Herget returned to Louisville to begin 2019, going 3–4 with a 2.91 ERA and 68 strikeouts over 58 2/3 innings. On July 1, the Reds promoted Herget to the major leagues. He made his debut on July 7, allowing 3 runs in 2/3 innings pitched. He pitched 6 1/3 innings for the Reds in 2019, posting a 4.26 ERA. Herget was designated for assignment on November 25.

===Texas Rangers===
On December 2, 2019, Herget was claimed off waivers by the Texas Rangers. He was again designated for assignment on December 21. He was outrighted to the minors on January 9, 2020. On July 31, Herget's contract was selected to the 40-man roster.

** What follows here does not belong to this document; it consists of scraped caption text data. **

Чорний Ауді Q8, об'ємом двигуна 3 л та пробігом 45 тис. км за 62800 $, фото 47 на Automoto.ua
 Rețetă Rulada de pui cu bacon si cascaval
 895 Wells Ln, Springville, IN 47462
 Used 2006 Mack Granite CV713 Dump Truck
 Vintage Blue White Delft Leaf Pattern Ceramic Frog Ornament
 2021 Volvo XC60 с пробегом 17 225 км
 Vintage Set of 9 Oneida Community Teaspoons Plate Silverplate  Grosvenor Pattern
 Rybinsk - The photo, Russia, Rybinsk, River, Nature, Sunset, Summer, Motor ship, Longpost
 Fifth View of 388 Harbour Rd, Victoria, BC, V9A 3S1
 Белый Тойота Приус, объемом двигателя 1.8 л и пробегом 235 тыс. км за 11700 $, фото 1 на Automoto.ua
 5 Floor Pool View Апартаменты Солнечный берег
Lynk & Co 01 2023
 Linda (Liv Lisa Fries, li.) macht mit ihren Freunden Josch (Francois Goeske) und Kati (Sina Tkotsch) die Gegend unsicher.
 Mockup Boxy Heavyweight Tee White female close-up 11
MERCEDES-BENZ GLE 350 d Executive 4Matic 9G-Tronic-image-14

He earned his first MLB win on September 26 after blowing a save. In the shortened season, he went 1–0 with a 3.20 ERA in 20 games. On December 2, Herget was non-tendered by Texas. On December 11, Herget signed a major league deal with the Rangers. On February 16, 2021, Herget was designated for assignment again after Texas acquired Josh Sborz. On February 20, Herget was outrighted and invited to spring training as a non-roster invitee. On August 1, Texas selected his contact to the active roster, after he opened the season with the Round Rock Express. After giving up 4 runs in 4 innings pitched, Herget was designated for assignment on August 13. He became a free agent on August 15.

===Los Angeles Angels===
On August 16, 2021, Herget signed a minor league contract with the Los Angeles Angels. He was then assigned to the Triple-A Salt Lake Bees. After making 4 appearances with Salt Lake, going 0–1 with a 13.50 ERA and 5 strikeouts, the Angels selected Herget's contract on August 31. He had a 2.48 ERA with nine saves in 69 innings while working almost exclusively out of the bullpen in 2022.

Herget made 29 appearances for the Angels in 2023, registering a 2–4 record and 4.66 ERA with 26 strikeouts across 29 innings pitched. He also pitched in 25 games in Triple-A. He was optioned to Triple-A Salt Lake to begin the 2024 season. On April 28, Herget was designated for assignment following the promotion of Zac Kristofak.

=== Atlanta Braves ===
On May 2, 2024, Herget was traded to the Atlanta Braves in exchange for cash and assigned to the Triple-A Gwinnett Stripers. On May 25, he was recalled to the majors, making his Braves debut later that day, pitching a scoreless inning with two strikeouts against the Pittsburgh Pirates. In 8 games for the Braves, Herget had a 4.38 ERA with 15 strikeouts over 12 1/3 innings pitched. He was designated for assignment by Atlanta on September 11.

===Chicago Cubs===
On September 13, 2024, Herget was claimed off waivers by the Chicago Cubs. He made four scoreless appearances for the Triple-A Iowa Cubs, striking out 5 batters in 4 1/3 innings pitched. Herget was designated for assignment by Chicago on November 4.

===Colorado Rockies===
On November 8, 2024, Herget was claimed off waivers by the Colorado Rockies. He pitched in a career-high 83 1/3 innings and 59 games, going 1–2 with a 2.48 ERA. After the successful season, he said he was considering converting to a starting pitcher.

==Pitching style==
Herget's unconventional sidearm delivery and high spin rate have generated a curveball and sinker which both have effective horizontal movement. The frisbee-like action of his pitches has earned him the nickname "The Human Glitch" from Rob Friedman.